According to some movies, the stereotypical stepmother is usually someone reminiscent of the ‘Wicked Witch of the West’. Well, I’ve been a stepmom to my stepson for about 3 years now – and in his life for about 8 – and I’d like to think that my witch tendencies are at a minimum. Mind you, it’s not always easy to be a supplementary mom to a kid who already has a very present, hands on mom. In fact, what is my role as a stepmom anyways? Besides for being married to the kids dad, I mean. And how do you avoid overstepping boundaries?
Look, its a no brainer, blended families are more predominant in this day and age, that’s for sure. And with it comes the challenge of making it work, while keeping all parties happy and the development of the child on the forefront. Some of things that I’ve found works for me (well, I hope it’s working!) is:
1. I don’t interfere
This is a hard task to see through, especially when you have a spreadsheet brain and a gazillion other children of your own. But I have found my greatest reward in having Hubstopher allow me and Kyle’s dad to “parent” our son together as much as we can. It is with this same respect that I allow Hubstopher and my stepson’s mom to parent their son together. I’m talking about giving them space to make those hard decisions and discuss the best way forward for the kid. Look, if you’re putting your ego into this, you’re probably not doing it right. As a stepmom I want the best for the kid. And sometimes that means I need to keep my mouth shut.

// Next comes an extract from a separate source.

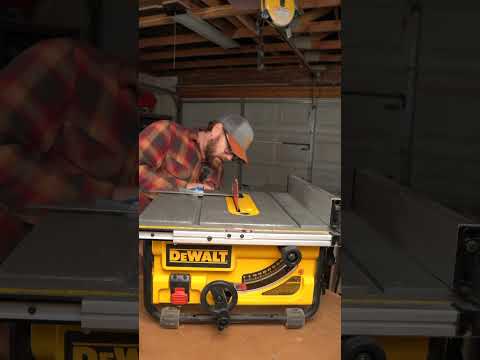 Sägeblattausrichtung [DEWALT TISCHKREISSÄGE]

2. I don’t expect anything in return
The thing about being a parent – whether it be step or bio, adopted or in-law – is that it’s a selfless job to take on. I’m not out here waiting for a round of applause after I’ve changed my daughter’s diapers or cooked my son a meal. Why should it be any different for my stepson? And if I want recognition, who best to get it from than the kid himself? I don’t need a pat on the back from family or friends or the parenting community of the world. Your pat on the back can’t buy me food or Steri Stumpies.
3. I don’t compare
If you’re comparing your stepchild to your bio child, and wondering why the one can’t be more like the other, I’ve got news for you: Each child is different, even if they came from the same womb. Kyle is stubbornly independent, whereas Seth can be a bit more clingy. But I attribute that to their personalities and characteristics. Each child is to be celebrated. Creating comparisons, even if just in your head, opens a door for negative thinking. Red alert, stepmom: avoid that stinking thinking bug! Pretty soon a thought turns into a feeling and a feeling into a deep rooted issue and before you know it, you’re the ‘Wicked Witch of the West’. Not a good look.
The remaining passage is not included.